Yes, you need a resistor. THe LED is a diode with a fixed voltage drop across it which is lower than your supply voltage. As a result you need a resistor to drop the extra supply voltage away so that the diode doesn't end up acting like a short-circuit and burning out. THe resistor you pick must drop the extra voltage of the supply while leaving enough voltage to forward bias (turn on) the diode. It must provide the voltage drop at the current you want running through the diode. Obviously the voltage drop will only be X volts for Y current. So if the current changes the voltage drop will too. But since your diode does have a fixed voltage drop this isn't a problem (it would be if the current through your load varies like a digital circuit).

So you use the formula V=IR:

R = (Excess Voltage to be dropped)/(Desired Current) = (Vsupply-Vdiode)/Idesired

Remember...the diodes have a maximum operating current you should stay below.

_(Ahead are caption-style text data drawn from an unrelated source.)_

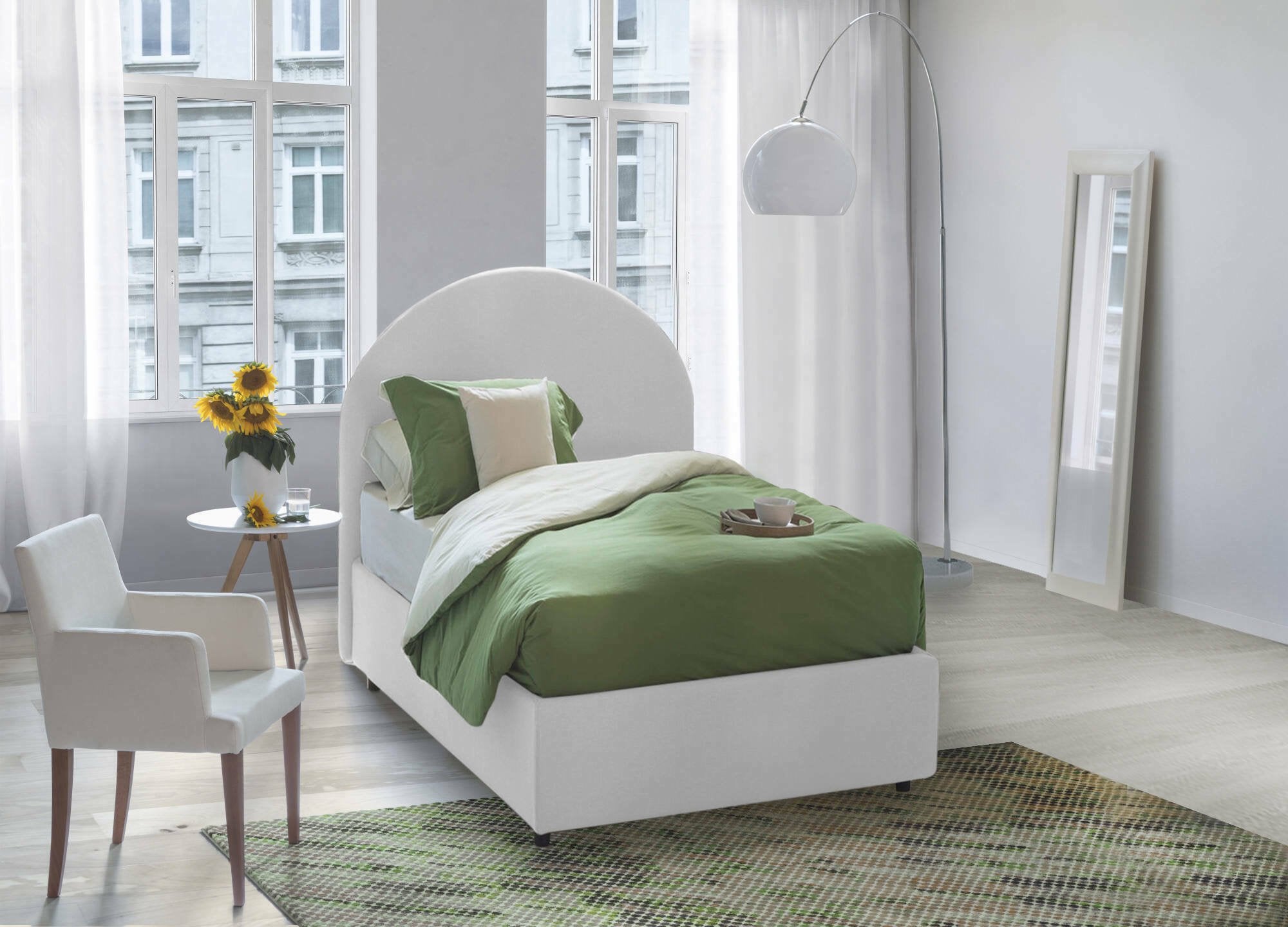 Letto singolo Amantea, Letto contenitore con rivestimento in tessuto, Made in Italy, Apertura frontale, adatto per materasso cm 80x190, Bianco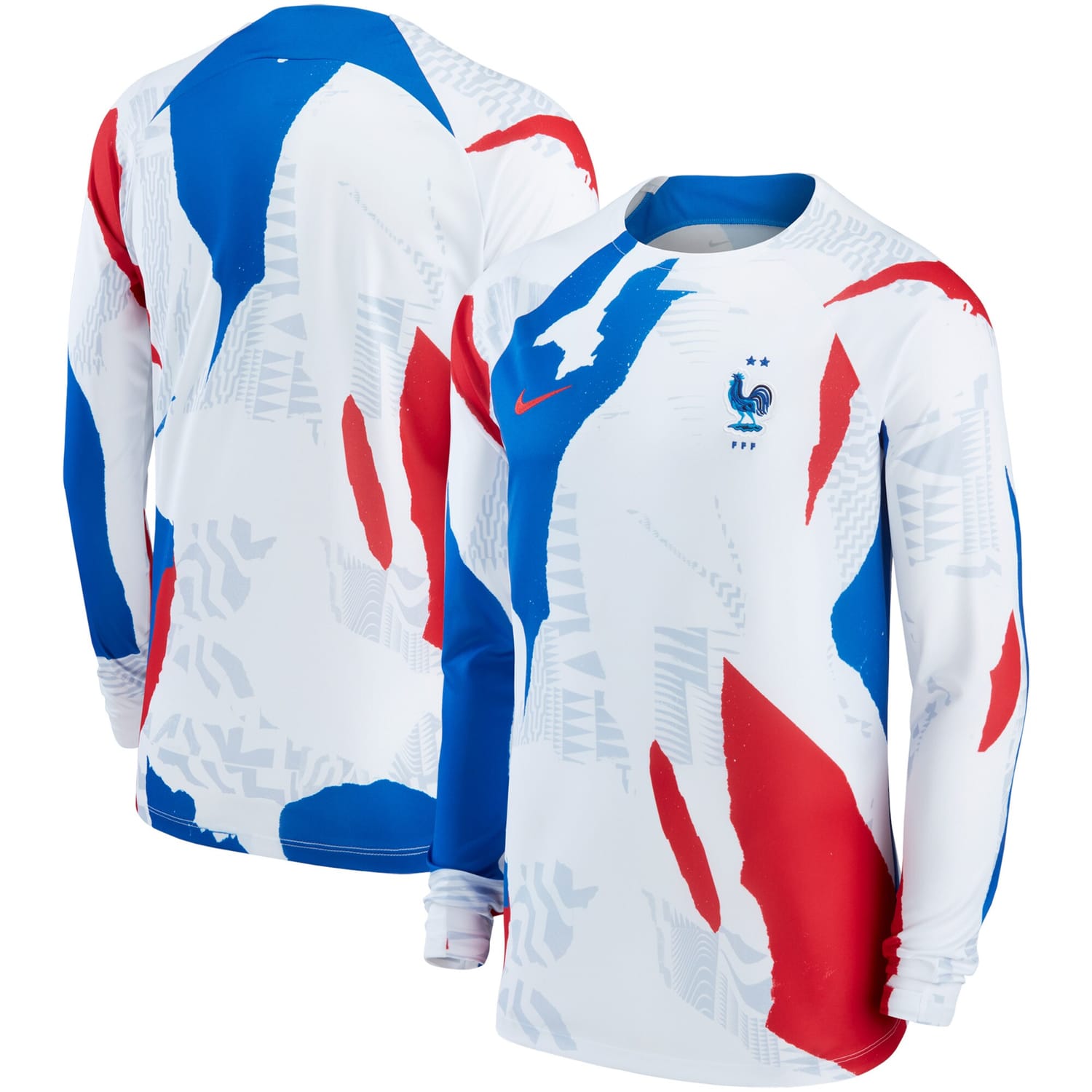 France National Team Pre-Match Jersey Shirt Long Sleeve White for Men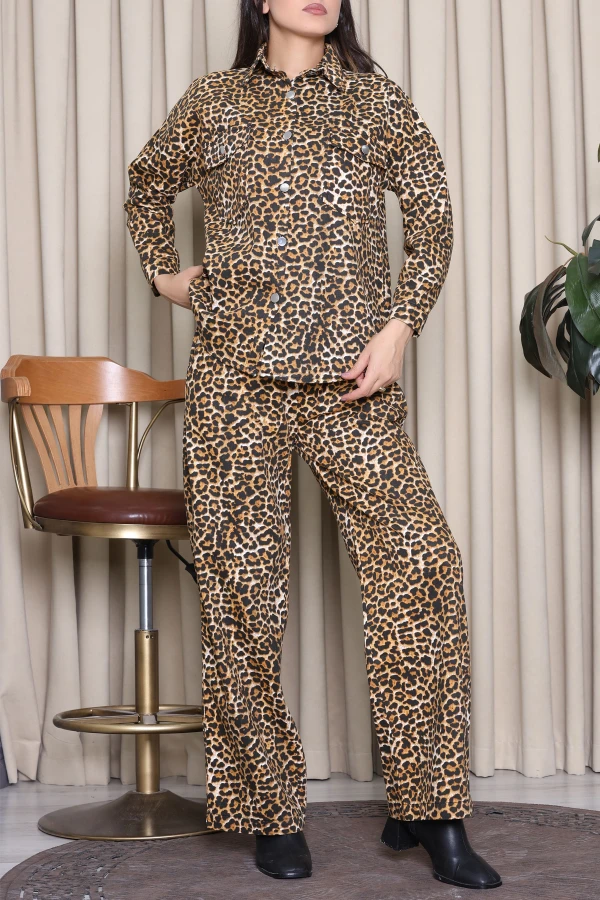 Leopar Desenli Gabardin İkili Takım Leopar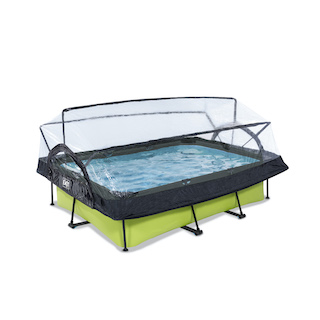 EXIT Piscine &agrave; la chaux 220x150x65cm avec auvent et pompe de filtration - vert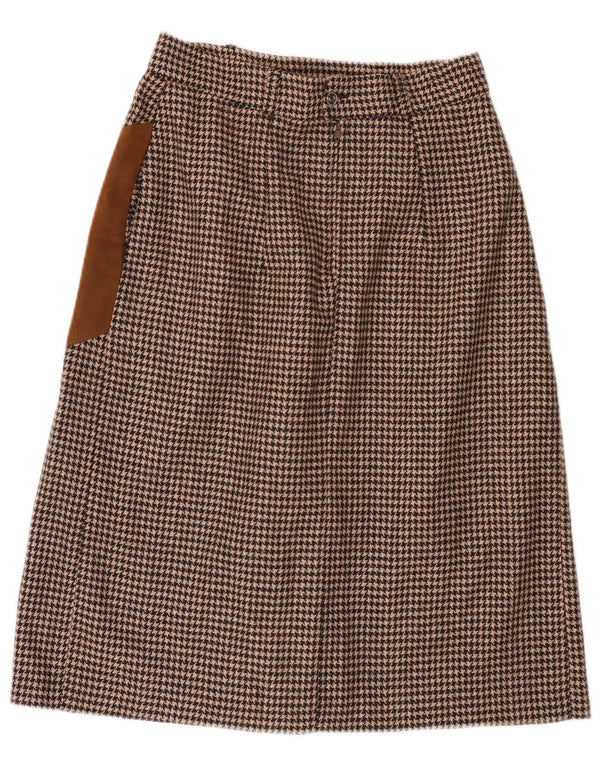Vintage kvinders højtaljede midi-nederdel IT 46 Large W28 Brown Houndstooth Wool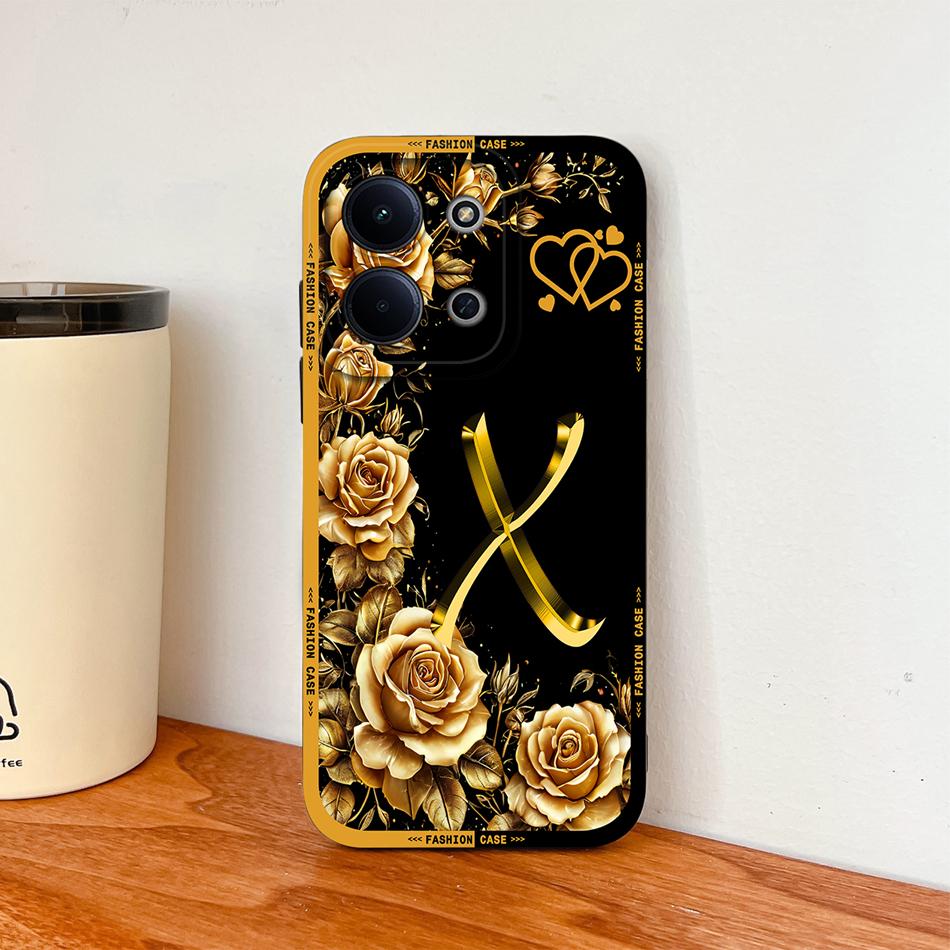 Per Cover Telefono Redmi 15C 4G 5G Fiori Nome Lettere Morbida Silicone Liquido Custodia a Protezione Totale Per Redmi 15 C Alloggiamento Antiurto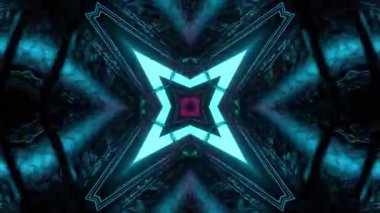 Gelecekçi Siberpunk VJ Döngü Neon Tüneli Girdabı ve Arıza Parçacıkları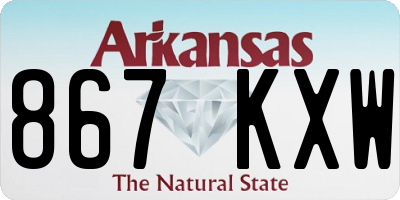 AR license plate 867KXW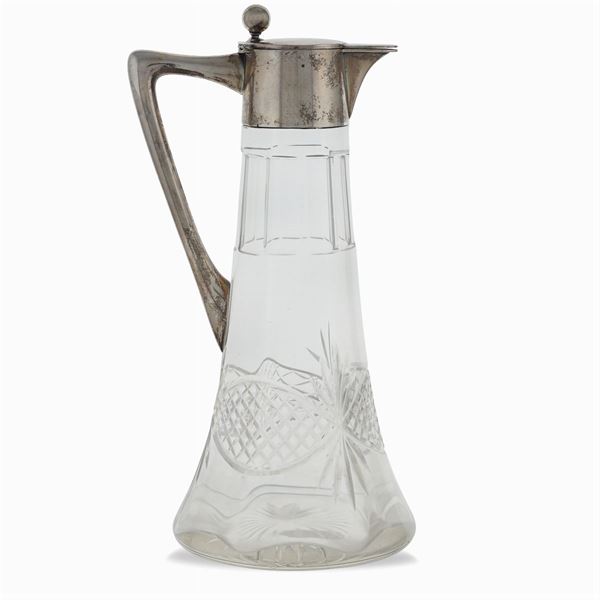 Crystal and silver jug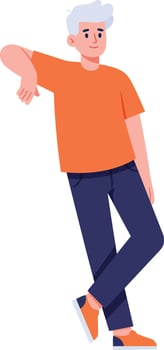 Young man leaning casually wearing orange shirt and navy pants modern flat style illustration vector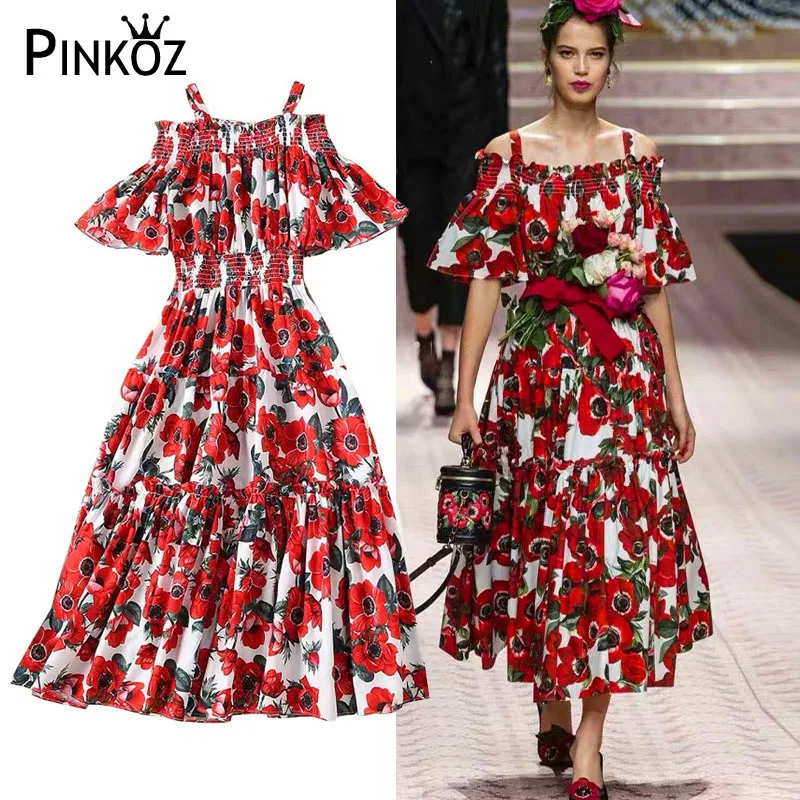 

Pinkoz Slash neck Sexy Off Shoulder Short Sleeve Floral Print Maxi Boho Beach Party Dress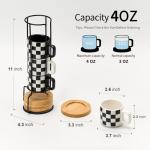 Black and White Stackable Espresso Cups Set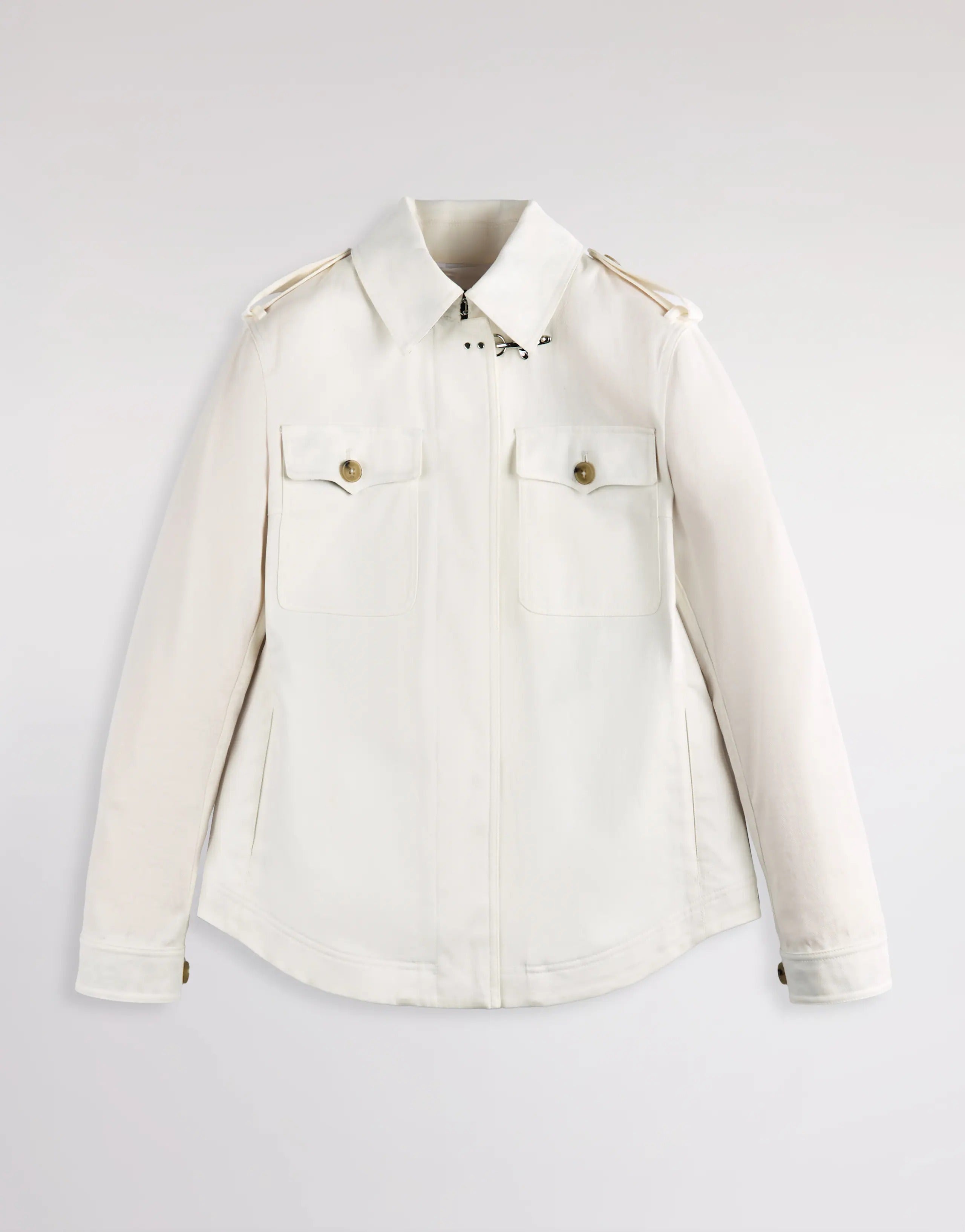 FAY GIACCA CAMICIA Donna Drill di Cotone-Panna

yeah i know ohms lawn but i did not know how to implement it like that. well i dont even have those leds any more so i guess im good so it was not the current that killed the leds its the voltage
 
yeah i know ohms lawn but i did not know how to implement it like that. well i dont even have those leds any more so i guess im good so it was not the current that killed the leds its the voltage

It actually was the current that killed the diodes (but not the current rating of the power supply). But only because there was excess voltage. What happened was that the diode had a fixed voltage drop that only dropped some of the power supply's output. After that, you still had a few extra volts that was basically connected by a wire which caused a high short-circuit current which blew the diode.

If you don't understand you can draw a circuit diagram of two batteries connected together so their two positive ends touch each other and their two negatives ends touch each other- one being 1.2V for a diode and one that is 3V for the power supply. The diode cancels out 1.2V from the 3V supply leaving 1.8V left connected by nothing but a piece of wire.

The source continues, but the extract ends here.